I bring back fry bread smothered with onions, chili, and cheese, and we eat with our hands. A drum circle wanders in, five or six men of varying ages, one or two carrying a large round wooden drum stretched with elk or buffalo hide. The hide needs to be strong as the men—and sometimes, though rarely, women—will be pounding hard on it with sticks as they sing the hypnotic, powerful songs that sound like eagles crying.

The dancing here, as at many other traditional powwows in the northern states, takes place in a circle surrounded by the audience and drum circles, who are in turn encircled by concession stands, and ultimately the encampment itself. The circle, for many indigenous people, symbolizes the unity of all life. (As a friend of mine quips, “We Indian people have the Round Dance. White people have the Square Dance.”) Perhaps a thousand perfectly erected canvas tipis are pitched in rows on both sides of the Bighorn River, on hilltops and in nearby draws, the crisscrossed tops of their peeled lodgepoles visible in every direction. (The lodgepole pine, which grows thick on the slopes nearby, was named for its value as a tipi pole.)

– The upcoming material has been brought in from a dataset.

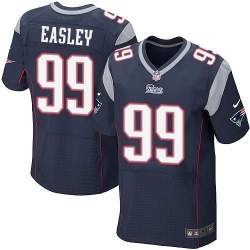 Nike Patriots #99 Dominique Easley Navy Blue Team Color Mens Stitched NFL Elite Jersey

Apsáalooke does not mean “crow.” The misnomer may have come from French traders, who might have heard it from a neighboring tribe. Plenty Coups, the last hereditary Crow chief, told Frank B. Linderman that Absanokee means “descendants of the Raven” or “children of the Raven.” Born in 1848, Plenty Coups recalled his childhood roaming the plains of what is now Montana before his people were forced onto reservations: “We followed the buffalo herds over our beautiful plains, fighting a battle one day and sending out a war-party against the enemy the next. My heart was afire.